At a glance, the Churchill may not seem a wise choice for a mine-clearing vehicle. This was due to the position of the driver in the front of the hull and the fact that – during WW2 – the Churchill proved to be vulnerable to mine damage, especially the hull floor. Tests were mounted to assess this by towing a Mk. VII Churchill over mines. The detonations highlighted weaknesses in the weld seams which split open. This fault was dealt with by strengthening and reinforcing the welds. In between and behind the ‘horns’ of the track, the driver had extremely poor visibility. Adding a flail to the front hindered his vision even further due to how low he sat in the hull. This necessitated the raising of the driver’s position, however, this had regressive consequences. One of the most valuable features of both the Scorpion and Crab vehicles was that they retained their turrets and armaments. By raising the Driver’s position – and with it, the superstructure – there was no room for a turret. The tank has now lost its ability to defend itself, or act as a gun-tank when so required.
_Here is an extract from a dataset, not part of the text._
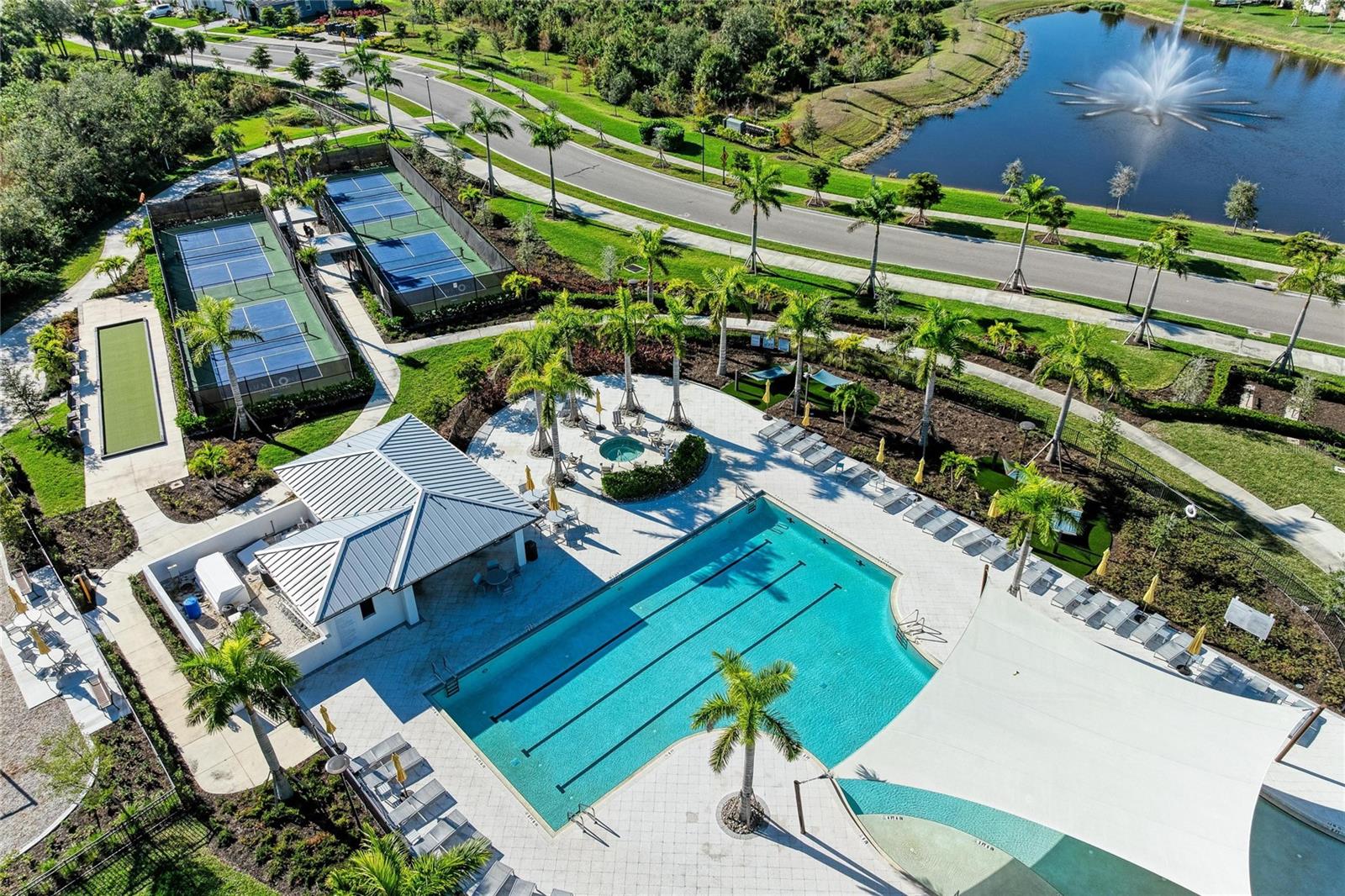 SUNSTONE VILLAGE F5 PH 2 - Residential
Schematic of the FV3902. Image: Wheels & Tracks #20, Apr. 1987

Another point of regression was down to the Churchill’s lack of horsepower. The Crab made powering the flail unit far less complicated by using a power take-off from its own engine to propel the flail. However, the Churchill’s Bedford ‘twin-six’ 12-cylinder petrol engine was not powerful enough to begin with, without propelling an extra component. As such, like the Scorpion, a secondary engine was to be installed to drive the flail.

With these considerations, a design was finalized as the FV3902. It would end up being one of the most extensive adaptations of the Churchill ever devised. The design of the vehicle would revolve around a large flail assembly suspended from the front of the hull and driven via a secondary engine. Large springs in cylindrical housings were installed on the hull sides to act as a counter-balance for the flail. The secondary engine would be placed behind the 2-man crew compartment at the front of the new armored superstructure. When not in use, and for travel, the flail assembly could be folded back over the superstructure of the vehicle. The rear of the vehicle would also include an automatic safe lane marker system contained in a long box, a relatively advanced feature at the time.
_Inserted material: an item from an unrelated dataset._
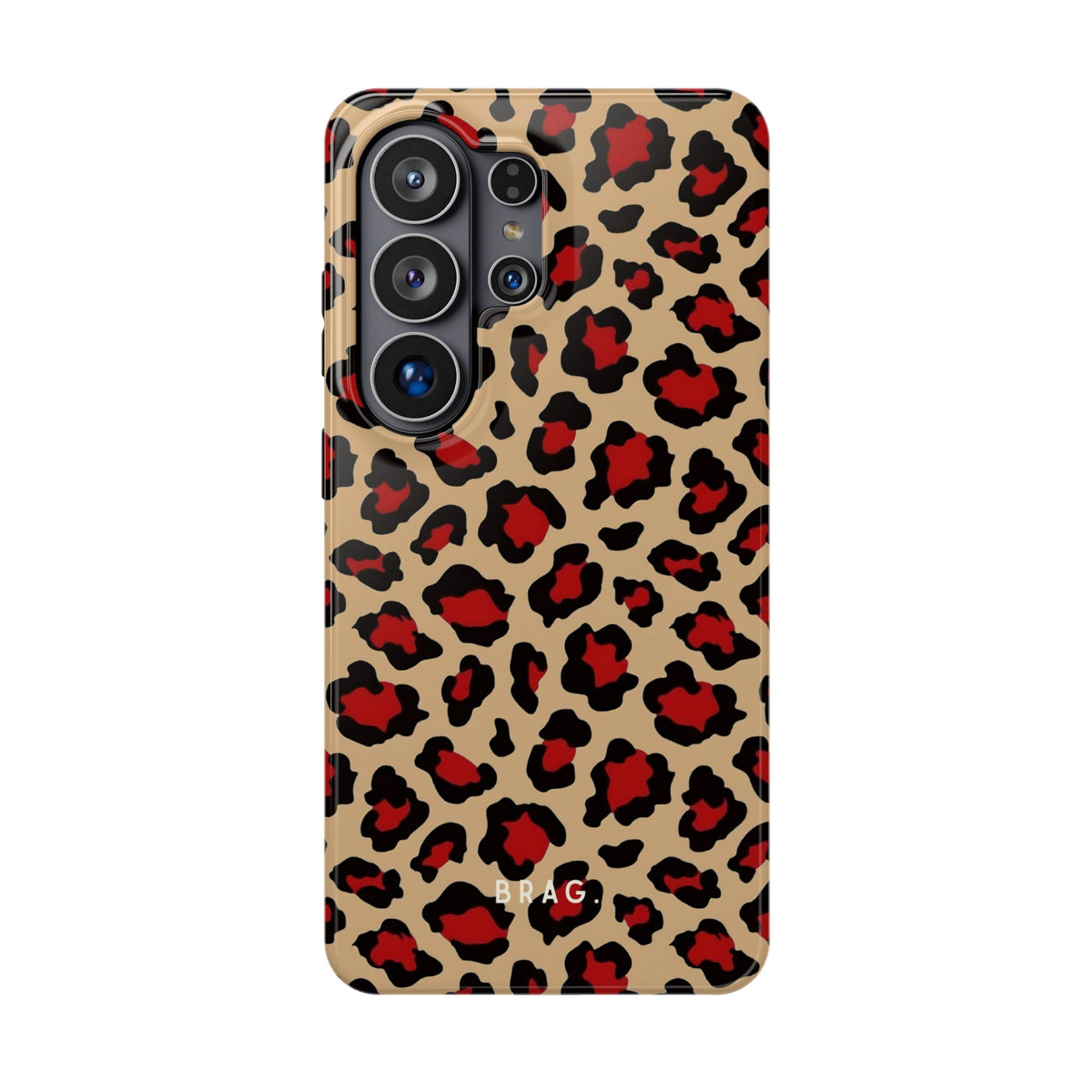 Scandal Magnetic Impact-Resistant Phone Case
The first FV3902 prototype, Reg. 34 ZR 36, with flail assembly in the stowed position. It is seen here on the back of an Antar tank transporter at the British Railway Workshops in Horwich. Photo: Wheels & Tracks #20, Apr. 1987

The Cumberland-based Distington Engineering Company was contracted to produce schematics and act as the overseer of the entire project. Two other firms were also brought on; Robinson and Kershaw Ltd. and British Railway Workshops (BRW). Robinson and Kershaw, based in Dukinfield, would be responsible for the modification of the hulls and the fabrication of the new superstructure. BRW, based in Horwich, was responsible for the mechanical equipment and fitting of the flail assembly. Between them, 42 Toads would be built, comprising 2 Prototypes, 6 interim/pre-production models, and 34 service vehicles.

Prototypes and Interim Models

The first FV3902 prototype was completed at the Horwich Works in April 1954. For the most part, this was identical to what would become the production model, however, it did differ in one respect. On this pilot model, a hydraulic system was installed. It was placed in the secondary engine bay and was driven by a take-off from the secondary plant. The hydraulics had three purposes. Firstly, it would power a winch system used to raise and lower the flail boom. Secondly, it would retract the lane marker system at the rear of the vehicle. Lastly, it would power a contouring device that would keep the flail at the same constant height while deployed, no matter how rough the terrain. Prototype 2 followed in about September the same year. This featured a worm-drive for the retraction of the boom and a sensor system for contouring. Both No. 1 and No. 2 prototypes used multiple springs in the counterbalance cylinders on the sides of the hull.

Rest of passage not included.